2019年11月21日 (木)

植物は動けないが、

 JST(日本科学技術機構)を聴講するために市谷へ。市谷から、飯田橋までの外堀の道はまだ効用とはなっていないが、先週と比べ、ツタ類がきれいな色付きを始めた。晴れている時は気持ちのいい散歩道だ。そのツタは散歩できないが、弦を伸ばして領域争いをしている。桜の木や松の木も自ら移動できない。枝を伸ばして陣地争いをしている。我が家の雑草は、年々雑草の勢力が変わる。移動できないのにかかわらず。実に不思議な植物(雑草)達である。

 植物は前代でウィルスにかかると、次の年は、早くから花を咲かせて、自分の遺伝を残そうとするらしい。寒さ、暑さの変動にも敏感に子孫を残すために代謝産物を調整して遺伝子を変更するらしい、と言う。
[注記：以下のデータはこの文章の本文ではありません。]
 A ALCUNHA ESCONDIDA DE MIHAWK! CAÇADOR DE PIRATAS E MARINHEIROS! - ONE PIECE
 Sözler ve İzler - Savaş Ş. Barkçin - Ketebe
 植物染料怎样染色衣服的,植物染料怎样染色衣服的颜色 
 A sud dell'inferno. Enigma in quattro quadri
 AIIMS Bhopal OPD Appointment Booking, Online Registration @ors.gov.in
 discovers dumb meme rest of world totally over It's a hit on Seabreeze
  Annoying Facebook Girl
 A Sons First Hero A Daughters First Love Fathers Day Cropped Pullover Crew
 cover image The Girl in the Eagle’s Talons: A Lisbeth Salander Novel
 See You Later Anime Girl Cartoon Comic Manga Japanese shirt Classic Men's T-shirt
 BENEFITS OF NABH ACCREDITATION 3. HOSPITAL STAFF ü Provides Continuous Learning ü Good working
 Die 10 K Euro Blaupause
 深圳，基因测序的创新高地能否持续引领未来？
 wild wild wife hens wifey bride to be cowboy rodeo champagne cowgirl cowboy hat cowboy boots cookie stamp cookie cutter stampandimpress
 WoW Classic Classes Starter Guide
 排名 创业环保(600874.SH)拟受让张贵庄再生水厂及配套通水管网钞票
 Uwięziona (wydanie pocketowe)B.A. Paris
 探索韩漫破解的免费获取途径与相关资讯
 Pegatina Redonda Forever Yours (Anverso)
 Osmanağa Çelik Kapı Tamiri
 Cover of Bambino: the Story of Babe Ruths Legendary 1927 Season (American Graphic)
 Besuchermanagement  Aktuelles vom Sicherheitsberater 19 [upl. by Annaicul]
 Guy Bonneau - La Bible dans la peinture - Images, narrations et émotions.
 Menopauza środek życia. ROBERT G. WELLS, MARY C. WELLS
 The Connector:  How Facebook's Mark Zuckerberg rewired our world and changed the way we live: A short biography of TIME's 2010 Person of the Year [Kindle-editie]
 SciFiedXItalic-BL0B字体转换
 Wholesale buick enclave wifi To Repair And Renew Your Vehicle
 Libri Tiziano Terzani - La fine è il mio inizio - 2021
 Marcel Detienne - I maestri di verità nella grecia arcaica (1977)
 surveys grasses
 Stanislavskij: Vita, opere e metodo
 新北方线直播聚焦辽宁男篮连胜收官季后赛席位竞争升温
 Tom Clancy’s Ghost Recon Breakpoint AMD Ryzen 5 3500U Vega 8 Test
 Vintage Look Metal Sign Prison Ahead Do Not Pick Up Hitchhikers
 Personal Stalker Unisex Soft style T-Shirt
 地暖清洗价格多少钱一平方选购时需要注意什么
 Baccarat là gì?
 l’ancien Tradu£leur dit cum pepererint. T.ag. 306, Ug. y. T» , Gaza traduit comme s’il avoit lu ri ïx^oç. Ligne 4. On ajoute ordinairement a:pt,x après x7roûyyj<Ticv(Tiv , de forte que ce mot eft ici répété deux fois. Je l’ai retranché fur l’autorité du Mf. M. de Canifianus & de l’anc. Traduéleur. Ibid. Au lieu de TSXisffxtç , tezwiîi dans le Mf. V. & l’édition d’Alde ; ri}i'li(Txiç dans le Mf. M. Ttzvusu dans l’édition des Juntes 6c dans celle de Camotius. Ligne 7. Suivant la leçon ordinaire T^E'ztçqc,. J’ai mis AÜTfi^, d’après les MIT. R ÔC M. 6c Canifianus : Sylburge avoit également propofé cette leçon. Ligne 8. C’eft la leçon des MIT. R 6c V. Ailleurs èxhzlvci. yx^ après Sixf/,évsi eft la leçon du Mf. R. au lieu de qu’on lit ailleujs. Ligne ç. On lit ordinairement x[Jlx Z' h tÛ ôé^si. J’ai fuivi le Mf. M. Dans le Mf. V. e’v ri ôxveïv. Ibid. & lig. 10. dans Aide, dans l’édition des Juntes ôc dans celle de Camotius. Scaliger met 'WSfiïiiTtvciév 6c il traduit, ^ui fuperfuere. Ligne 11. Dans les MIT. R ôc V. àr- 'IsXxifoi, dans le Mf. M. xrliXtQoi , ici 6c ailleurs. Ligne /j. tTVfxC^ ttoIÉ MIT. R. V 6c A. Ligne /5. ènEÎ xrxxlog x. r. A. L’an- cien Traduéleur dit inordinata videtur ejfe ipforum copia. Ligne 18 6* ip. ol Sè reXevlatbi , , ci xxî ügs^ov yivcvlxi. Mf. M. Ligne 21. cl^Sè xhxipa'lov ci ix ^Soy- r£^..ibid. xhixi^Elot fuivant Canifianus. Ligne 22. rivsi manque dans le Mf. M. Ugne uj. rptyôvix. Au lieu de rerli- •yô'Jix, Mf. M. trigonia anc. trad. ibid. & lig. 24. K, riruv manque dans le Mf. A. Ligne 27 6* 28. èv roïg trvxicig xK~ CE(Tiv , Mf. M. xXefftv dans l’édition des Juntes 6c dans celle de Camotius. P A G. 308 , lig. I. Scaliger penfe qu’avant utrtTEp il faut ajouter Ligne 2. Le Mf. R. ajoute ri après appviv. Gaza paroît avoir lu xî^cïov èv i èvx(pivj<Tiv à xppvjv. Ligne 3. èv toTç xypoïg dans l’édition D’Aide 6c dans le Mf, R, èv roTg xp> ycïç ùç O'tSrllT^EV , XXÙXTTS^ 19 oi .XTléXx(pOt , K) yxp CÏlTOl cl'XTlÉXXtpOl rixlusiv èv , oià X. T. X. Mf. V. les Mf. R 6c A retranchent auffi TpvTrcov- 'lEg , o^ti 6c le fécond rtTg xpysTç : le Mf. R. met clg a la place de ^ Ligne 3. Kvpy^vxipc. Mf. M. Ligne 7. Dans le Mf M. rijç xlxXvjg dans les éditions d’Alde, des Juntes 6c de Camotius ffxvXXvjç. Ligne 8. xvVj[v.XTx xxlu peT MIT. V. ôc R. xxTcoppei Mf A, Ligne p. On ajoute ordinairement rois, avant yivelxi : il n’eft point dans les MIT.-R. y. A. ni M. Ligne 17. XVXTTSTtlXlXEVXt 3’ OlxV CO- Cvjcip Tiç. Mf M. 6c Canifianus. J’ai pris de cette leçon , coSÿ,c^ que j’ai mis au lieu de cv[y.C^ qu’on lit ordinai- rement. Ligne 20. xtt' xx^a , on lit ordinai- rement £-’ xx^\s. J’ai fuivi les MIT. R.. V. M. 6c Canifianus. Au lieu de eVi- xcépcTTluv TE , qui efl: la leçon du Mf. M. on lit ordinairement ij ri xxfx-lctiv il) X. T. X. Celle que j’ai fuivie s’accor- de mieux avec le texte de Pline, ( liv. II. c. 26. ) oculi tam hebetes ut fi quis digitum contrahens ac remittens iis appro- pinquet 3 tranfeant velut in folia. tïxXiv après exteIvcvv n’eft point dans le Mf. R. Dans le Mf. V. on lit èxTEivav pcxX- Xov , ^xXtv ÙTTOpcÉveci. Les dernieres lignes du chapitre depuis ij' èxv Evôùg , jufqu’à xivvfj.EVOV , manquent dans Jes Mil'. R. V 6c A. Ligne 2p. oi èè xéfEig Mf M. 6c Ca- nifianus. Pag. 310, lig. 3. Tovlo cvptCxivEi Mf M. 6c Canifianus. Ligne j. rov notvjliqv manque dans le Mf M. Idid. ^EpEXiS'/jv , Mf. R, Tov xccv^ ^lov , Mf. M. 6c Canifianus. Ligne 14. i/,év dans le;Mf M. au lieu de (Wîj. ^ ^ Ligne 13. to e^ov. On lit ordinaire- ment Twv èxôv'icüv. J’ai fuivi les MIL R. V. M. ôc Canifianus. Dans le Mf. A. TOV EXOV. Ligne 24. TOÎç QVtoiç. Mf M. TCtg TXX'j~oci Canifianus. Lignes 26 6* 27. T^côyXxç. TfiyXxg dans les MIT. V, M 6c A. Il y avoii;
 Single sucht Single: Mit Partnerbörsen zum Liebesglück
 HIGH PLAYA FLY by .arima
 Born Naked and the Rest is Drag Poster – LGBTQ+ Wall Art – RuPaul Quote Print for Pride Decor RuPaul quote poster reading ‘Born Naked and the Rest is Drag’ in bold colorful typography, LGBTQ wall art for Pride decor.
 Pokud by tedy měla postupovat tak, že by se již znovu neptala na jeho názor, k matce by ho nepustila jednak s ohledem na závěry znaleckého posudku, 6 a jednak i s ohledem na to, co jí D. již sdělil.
例えば、早く花を咲かせたいなら、寒冷をさせると花は早く咲くとか、種が早く実るとか、逆もありうる、光を使っても良いらしい。動物なら、移動できるから、遺伝子まで変えることなく、場所を変える。

 遺伝子を変えるには、RNAによる書き換えを行っている。そのRNAの書き換えには、高メチル化誘導を行う、か、逆に脱メチル化を活用して書き換えを自在に操り、遺伝子を変更する、と言う。代謝系の操作で、いかようにも変更ができるらしいのだが。

 何とも分かったようでわからない。DNAを直接いじる遺伝子組み換えとは違い、生物が一般に行っている遺伝子維持を加速させるのが、メチル化の誘導、抑制の操作で行える。

 科学は、植物の心も操れるようになるかもしれない。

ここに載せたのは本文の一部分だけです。